Great nights: The Dream of Gerontius Clockwise from top left: Allan Clayton, Alice Coote, Gerald Finley.

Great nights: The Dream of Gerontius

Jenna Simeonov

It’s said that Edward Elgar wasn’t satisfied with calling his The Dream of Gerontius an oratorio, and it’s not hard to see why. Last night’s performance by the London Symphony Orchestra, under Sir Mark Elder, had the look of an oratorio, with singers holding scores and in-concert dress filling the stage of the Barbican Centre’s Hall, yet the work itself was full of such specificity and honed drama that it felt, well, operatic.

Gerontius is set to the poem by John Henry Newman, about a man’s journey from his deathbed to his arrival in purgatory. The music seems to begin in the third act of an ongoing tale, a beautiful mirror to meeting a man at the end of his life.

The LSO played with warmth and fire, as a huge unit and as a collection of chamber ensembles. Maestro Elder left room to breathe around Elgar’s sweeping phrases, and he took care to constantly create theatre, not just music. The London Symphony Chorus sang with a lush sound that matched the orchestra’s, and they had some of the most exciting moments of drama in Elgar’s score. They were beautiful as mourners and angels, and appropriately terrifying as the chorus of demons.

Three exciting solo singers shared the “roles”; tenor Allan Clayton was Gerontius, opposite Alice Coote as the Angel, and Gerald Finley sang the Priest and the Angel of the Agony. Together, the singers were a perfect trio of excellent voices and touching drama; we were drawn in immediately by the constant creativity of their sounds, and even more impressively, the “show” they created even from their seats.

Clayton seemed to embody the “everyman” quality of Gerontius. He sang with a strong, versatile sound that always felt vulnerable. He could go from hollow, wary whispers, to a thrilling silvery sound at the height of his volume and range. He began part II with a stunning hushed voice, and ended with a moving wail that felt like Gerontius was trying to express a lifetime of wants in one breath.
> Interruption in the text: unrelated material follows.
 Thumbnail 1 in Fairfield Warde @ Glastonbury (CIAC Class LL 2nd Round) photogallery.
Finley’s dark sound was a gorgeous complement to Clayton’s, and he sang with attention and energy given to every letter of his text. His Angel of the Agony was particularly exciting; he sounded more human than superhuman, like a man with endless baggage, trying to pay goodness forward towards Gerontius.
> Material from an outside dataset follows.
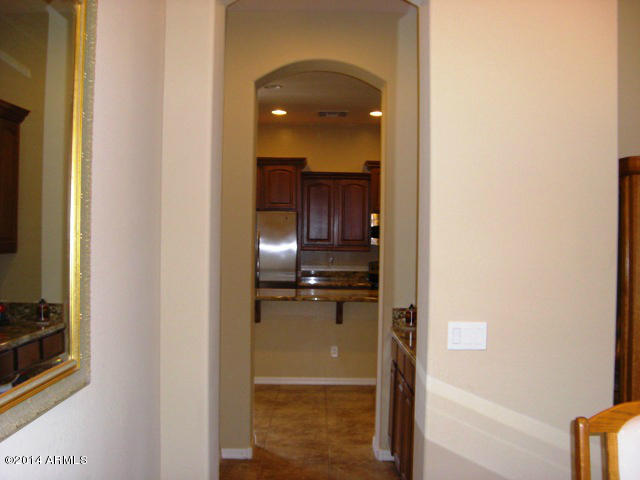 16922 North Palo Rojo Road Maricopa, AZ 85138 - Photo 11 of 42 11 - Butler Pantry 1 to Kitchen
Alice Coote held her status as one of the most moving singers we’ve ever heard onstage. She took enormous vocal risks, and shared Finley’s human traits even as a guardian angel. That spacious warmth in her middle and low voice drives up to an exciting focus and power at the top of her range; she seemed to have a knowing benevolence in her sound that suited the story beautifully. Coote and Clayton shared perfect moments of acknowledgement from their places on opposite sides of the conductor’s podium. She was stunning to watch; she had such specificity on her face, from her almost-shy greeting of Gerontius, to her wise, tour-guide qualities as she takes him through his first moments in the afterlife.

The night seemed to be a perfect melding of work and artists. It was our first hearing of The Dream of Gerontius, and with the dramatic elements so beautifully highlighted by Sir Mark Elder, the LSO and chorus, and by Clayton, Coote, and Finley, we’re now itching to see a staged experiment of Elgar’s work.